28 JULY 2007, Page 4

Diary

DOUGLAS MURRAY Iam registered as a voter in EalingSouthall and have a problem. Though a member of the party, I could not vote Conservative. The candidate put up by 'David Cameron's Conservatives' had been a Conservative for a matter of hours and been parachuted in over any number of dedicated, and equally ethnic, party workers. I might have reined in my objections if it hadn't been for the earlier elevation of Sayeeda Warsi to the shadow Cabinet and the Lords. After a recent run-in with her on the BBC's Question Time she attacked me for referring to Islamic terrorists. I thought she only minded me identifying terrorists with Islam, but — like the new Home Secretary — it turned out she minded me identifying terrorists with terrorism. And she refused, on air, to condemn the killing of our troops in Iraq. That was enough to drive me from the fold, and emails from our troops since the programme reinforce my feelings. I couldn't abstain, though I didn't much like the other candidates. I decided I must vote on a point of principle, and found myself ticking the box for Labour — perhaps the only voter to go over to Labour because of the Iraq war.

In the Hamptons for the weekend with friends. I arrive on Saturday in time for a dinner dominated by splendid expat hacks. We sup beers by the jetty, eat by candlelight, discuss the Black trial and exchange great Scoop-like stories of foreign ventures. Terrific stuff, but I begin to gaze longingly at a hammock by the waterside. Their ten o'clock is my small hours, and after sinking further and further in my chair I leave a dinner party early for (I think) the first time.

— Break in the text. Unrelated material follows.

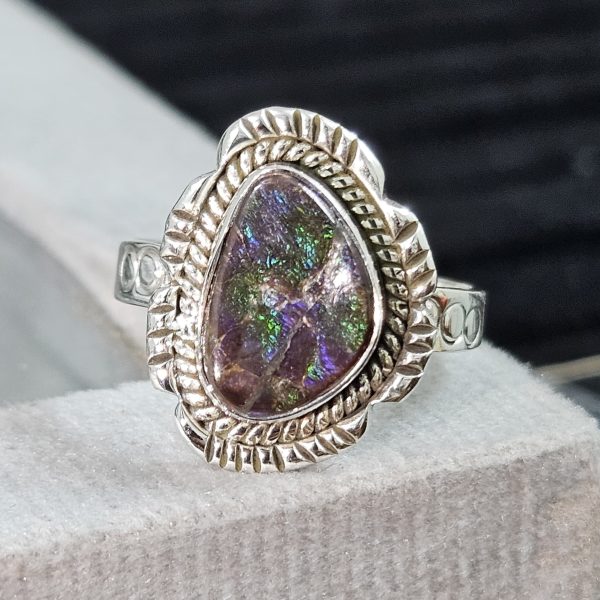 Ammolite Southwest Style Size US 10 925 Sterling Silver Ring (REXT14-50)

Monday is my birthday. I have reached the unsatisfying age of 28. Away from my family in New York, I have arranged the very next best thing and go out for dinner with one of my favourite friends. Though only ten years older than me, Ayaan Hirsi Ali continues to refer to me as some impossibly young child, still refusing to allow me to pay for meals until I am more advanced in years. We go to a terribly smart restaurant which pretends to have no room, so we loiter in a corner until another member of staff comes over, conceding that at least one of the empty tables might be going spare. We leave very late and hurtle back through the New York streets, high on laughter and friendship. Sometimes people complain to me that I seem too angry when I talk about Islamist terrorists. But this wonderful and brave woman is one of a number of friends who have to spend their lives under 24-hour protection because of what they think, say and write. If that didn't anger me, then what would? I mind it — mind it deeply — and cannot pretend otherwise.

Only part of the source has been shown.